2. Southerner in Denial
A postcard of the First White House of the Confederacy, the Montgomery residence of Jefferson Davis, until the capital moved to Richmond. The house is stuffed with period furnishing and has become a Trip Advisor favorite. The $100,000 annual subsidy it receives from the state has made it the subject of controversy.
Twenty years ago white filmmaker Macky Alston set out to find his Black cousins. Macky’s great great great great uncle was “Chatham Jack” Alston, the largest slaveholder in North Carolina and the brother of my own great great great great grandfather, also a slaveholder, Philip Alston. In his documentary Family Name, Macky wanted to face this legacy and understand its meaning for the present.
When I first saw Family Name, I was motivated to delve ever so briefly into my own family’s Alston connection – a subject I’d grown up hearing about: After seeing the film, I borrowed a copy of the family genealogy, The Alstons and Allstons of North and South Carolina, and followed a trail that led from Philip Alston down generations directly to my father’s name. This was a lot to expunge from my autobiography, I came to see. Inspired by watching Family Name, I wrote an essay that USA Today published under the title “A Southerner in Denial Reconnects to her Roots.” Then I put the book away and didn’t think about it again for 20 years.
That changed after I joined Coming to the Table, an organization co-founded by descendants of slaveholders and descendants of the enslaved to research and share family histories across racial lines.

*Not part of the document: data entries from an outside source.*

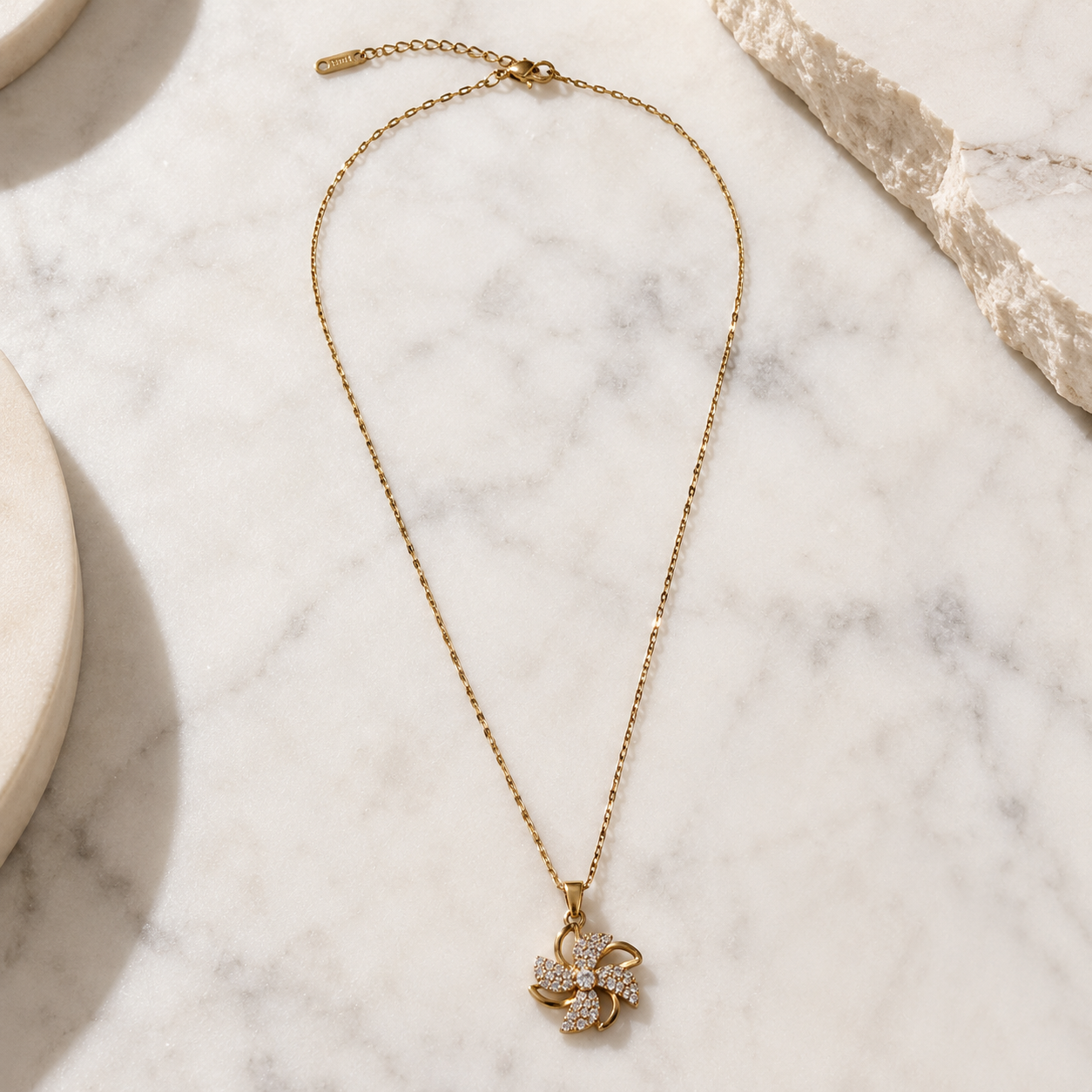 Gold Pinwheel Flower Necklace, Sparkling Crystal Pendant, 18 Inch Adjustable Chain, Elegant Gift for Her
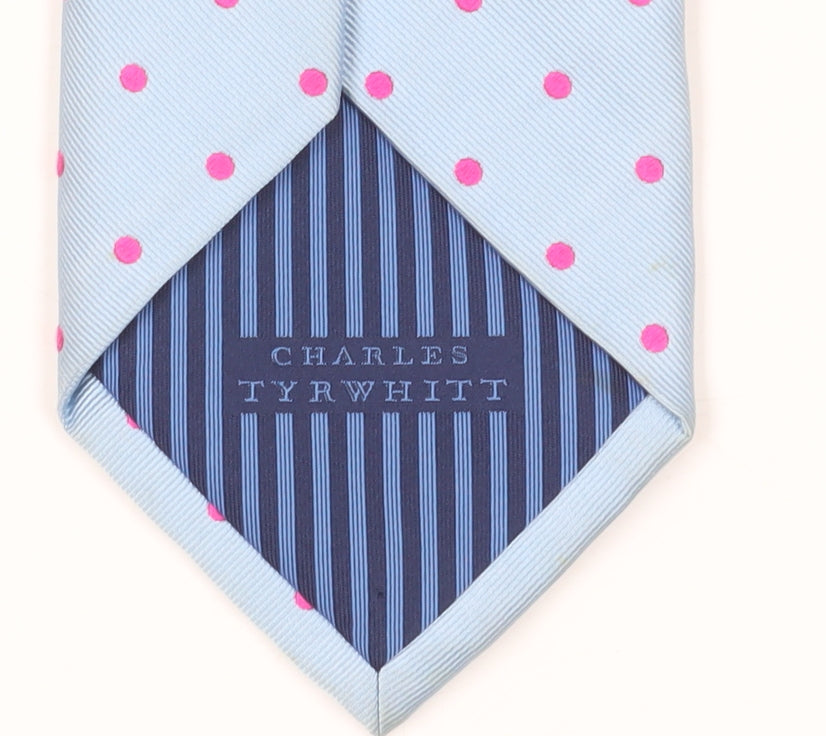 Mens Charles Tyrwhitt Blue Polka Dot 100% Silk Tie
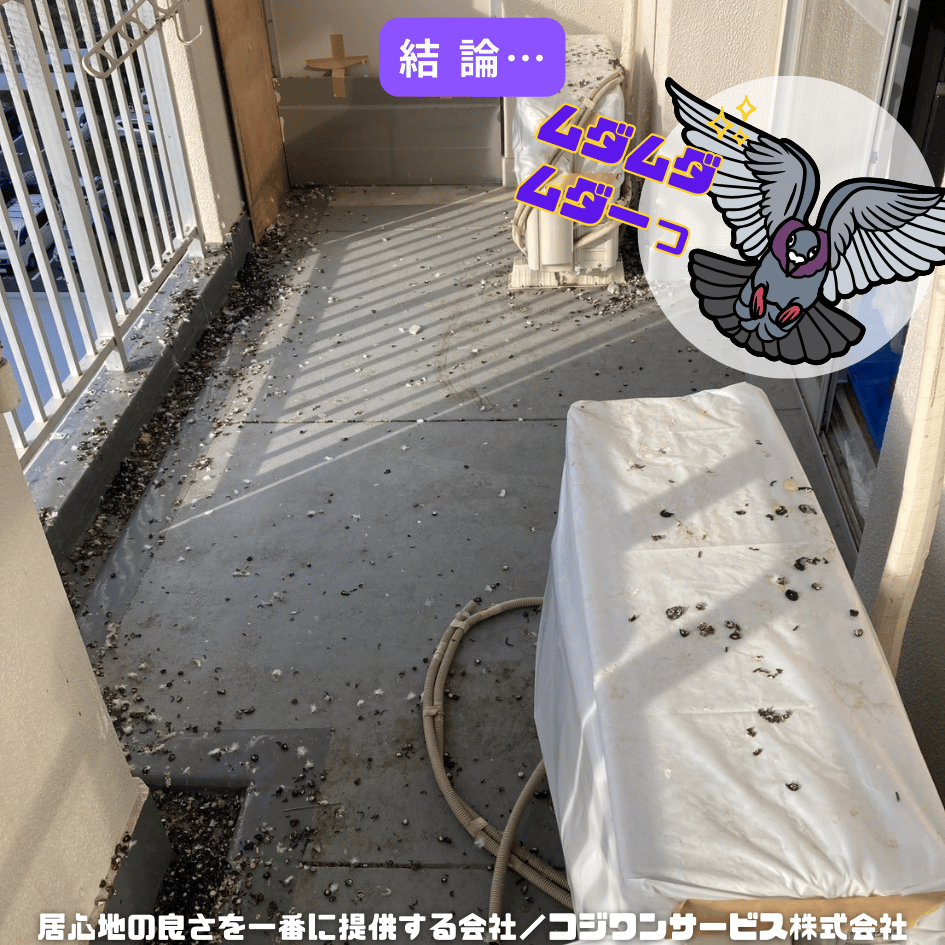 鳩除け剣山を設置するも鳩糞だらけになったベランダ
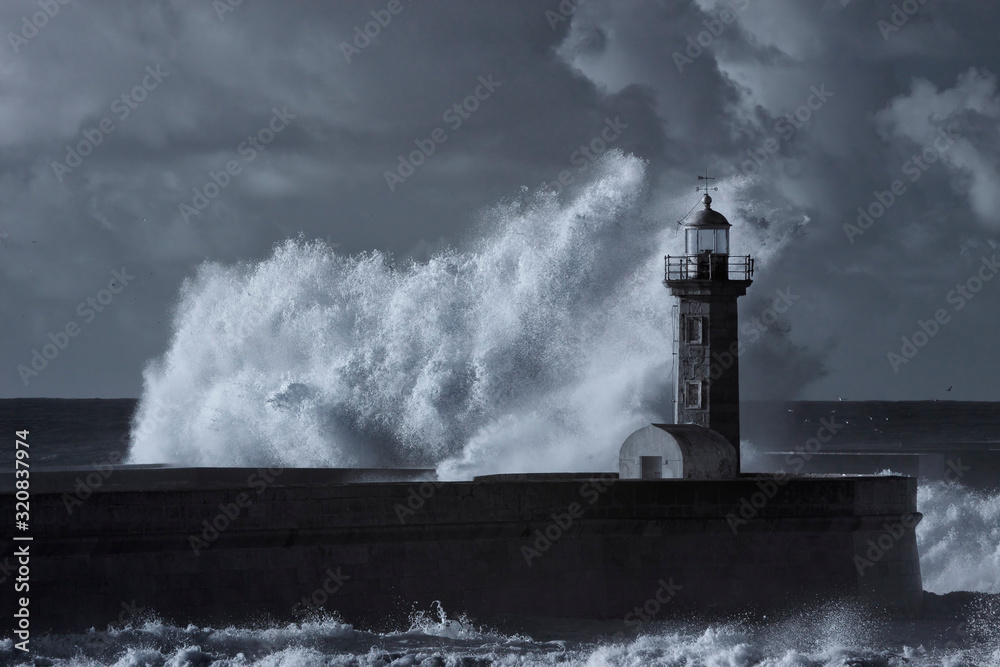 Sea storm at the Douro river mouth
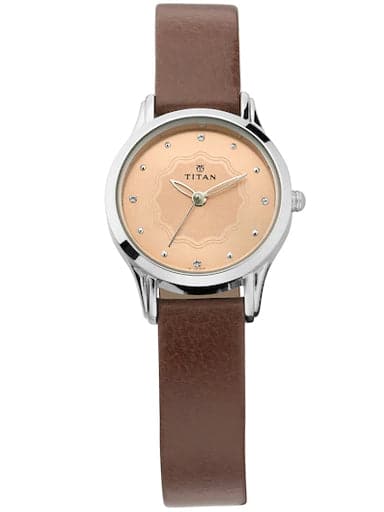 Titan Pink Dial Brown Leather Strap Watch For Women NN2628SL02 - Kamal Watch Company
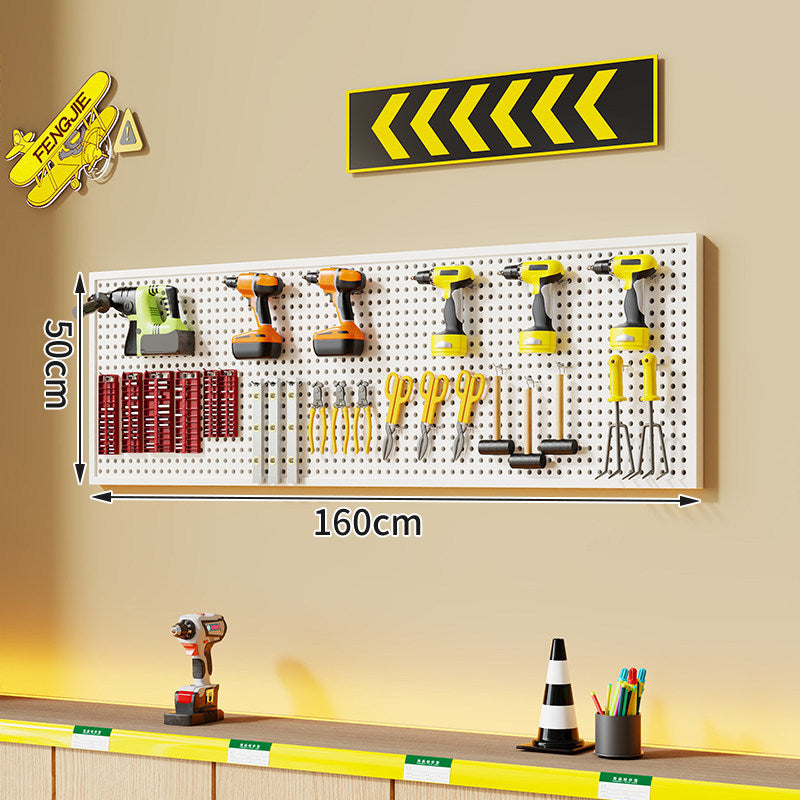 Large Rectangle Wall-Mounted Perforated Metal Pegboard Tool Storage Panel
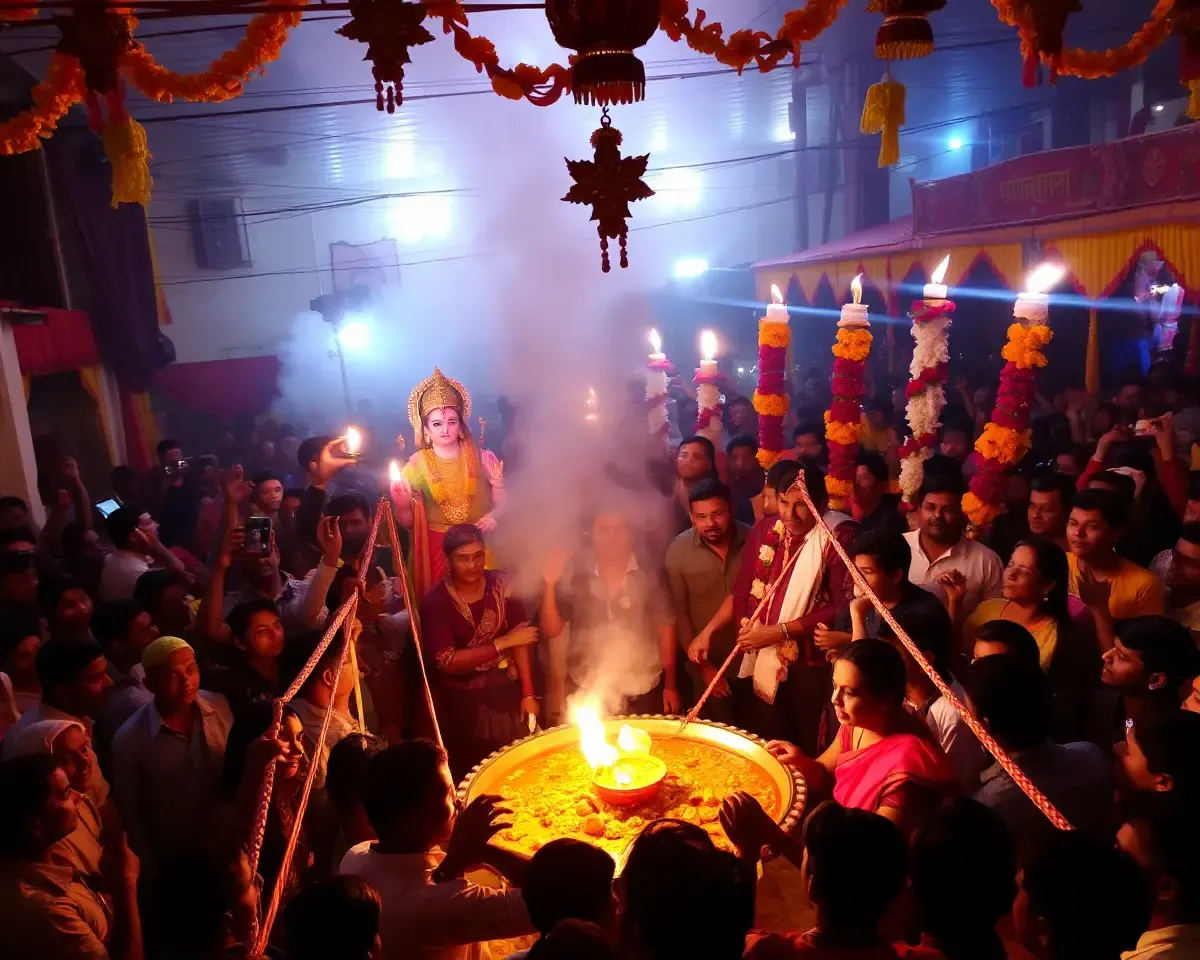 Vibrant Chhath Puja Festival with Music, Dance, and Colorful Decorations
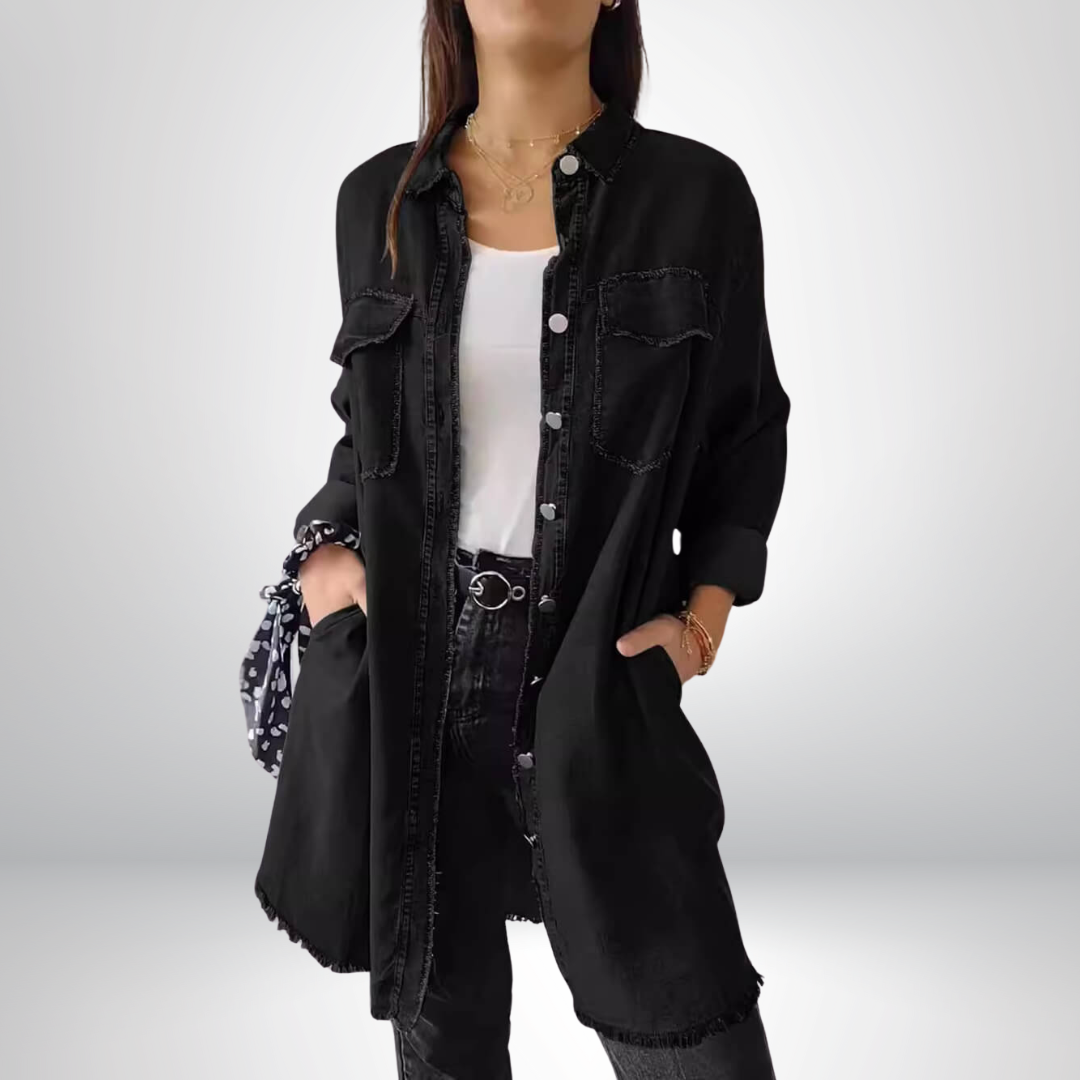 Sofia® | Giacca di Jeans a Maniche Lunghe Elegante e Versatile con Colletto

At the first meeting I attended, at Friends Meeting House in Manhattan, I was seated between a woman who was descended from Thomas Jefferson and Sally Hemings, and another whose ancestor was Nathan Bedford Forrest, a major slave trader in Memphis, a Confederate general and the first Grand Wizard of the Ku Klux Klan.
I thought of Martin Luther King’s optimistic dream that “one day on the red hills of Georgia, the sons of former slaves and the sons of former slave owners will be able to sit together at the table of brotherhood.” Daughters in this case, but at that meeting I dared hope it was a start.